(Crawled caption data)
((

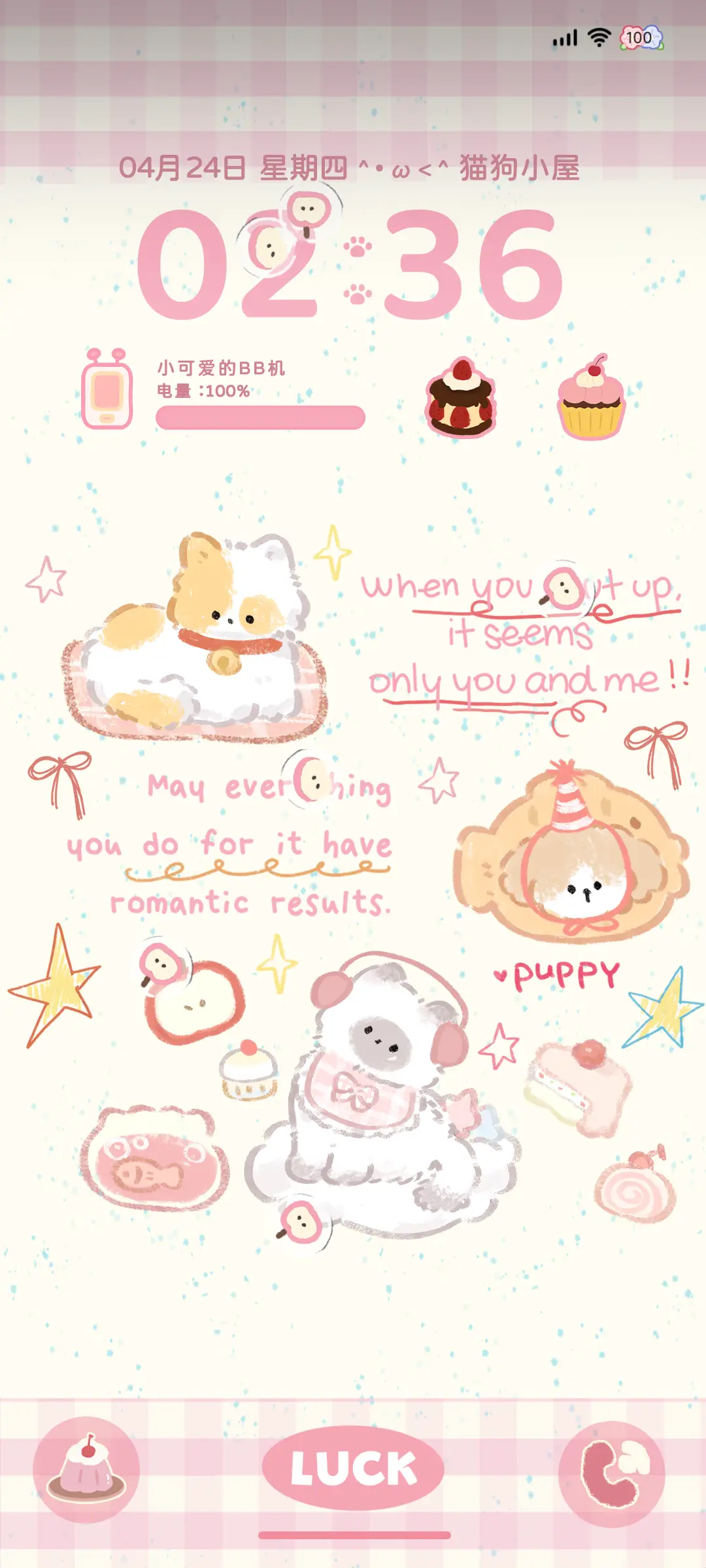 猫狗小屋 自定义 - Screenshot 2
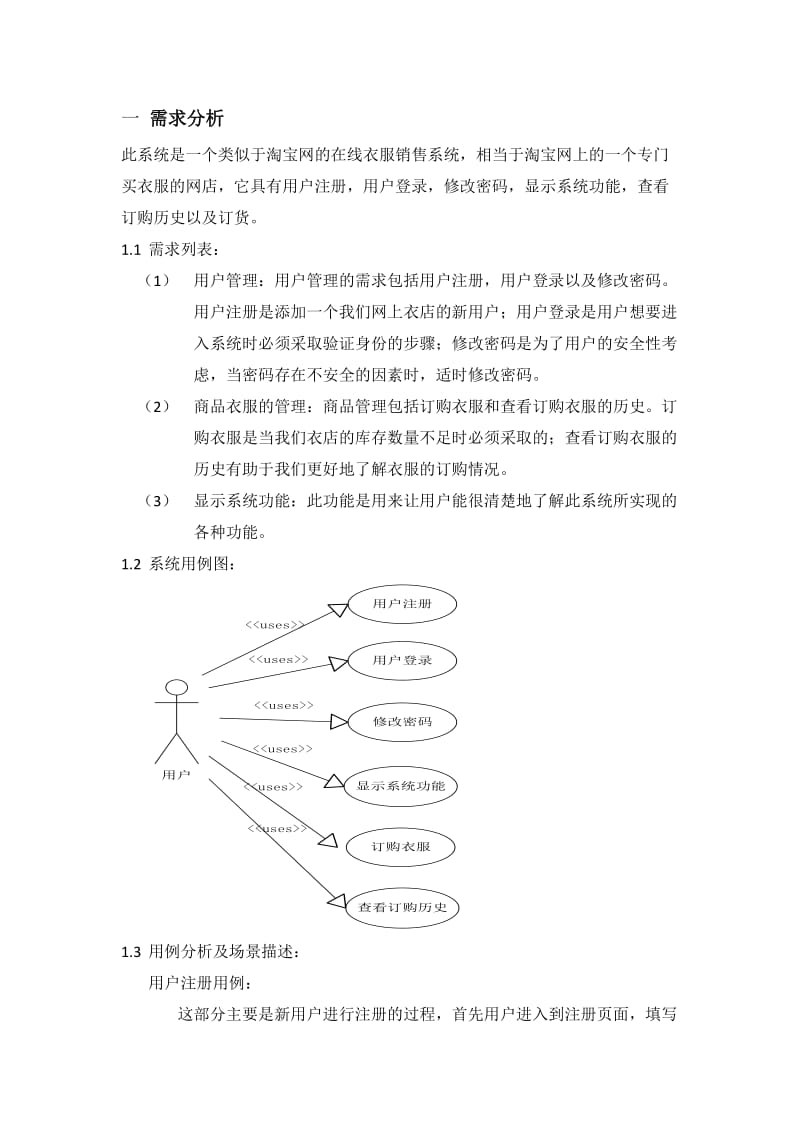 软件设计大作业.doc_第1页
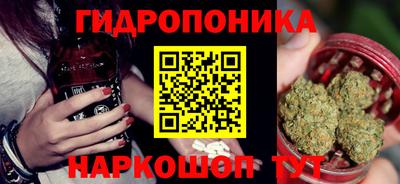 амфетамин Кулебаки
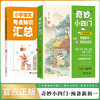 奇妙小四门（全2册）知识考点汇总预备新初一地理历史生物道法 商品缩略图1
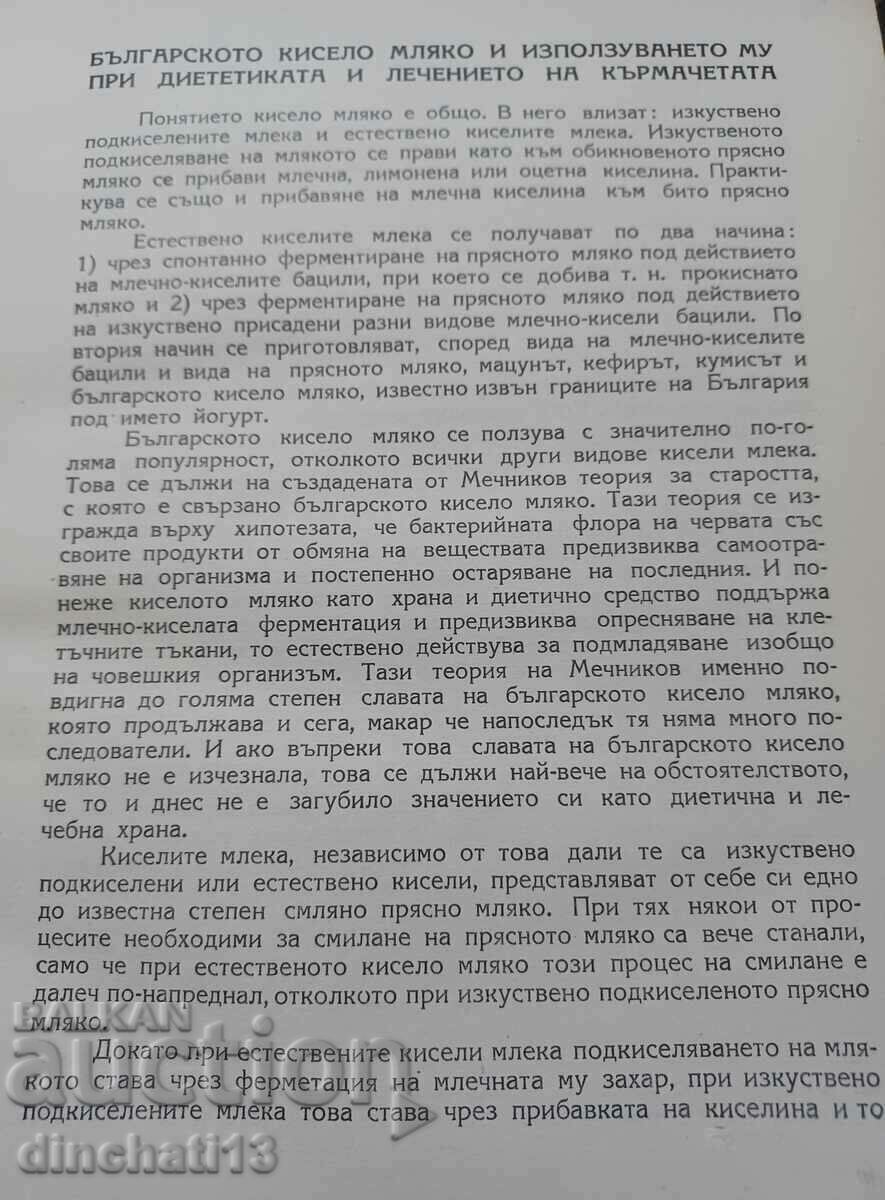 Аукцион Българското кисело мляко - Асен Фиков Аукцион Българското кисело мляко - Асен Фиков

))

(TASK ITEM) An exact copy of the entries above is needed, with the pictures removed.

(TASK RESPONSE)
 猫狗小屋 自定义 - Screenshot 2
 软件设计大作业.doc_第1页
 амфетамин Кулебаки
 奇妙小四门（全2册）知识考点汇总预备新初一地理历史生物道法 商品缩略图1
 Аукцион Българското кисело мляко - Асен Фиков Аукцион Българското кисело мляко - Асен Фиков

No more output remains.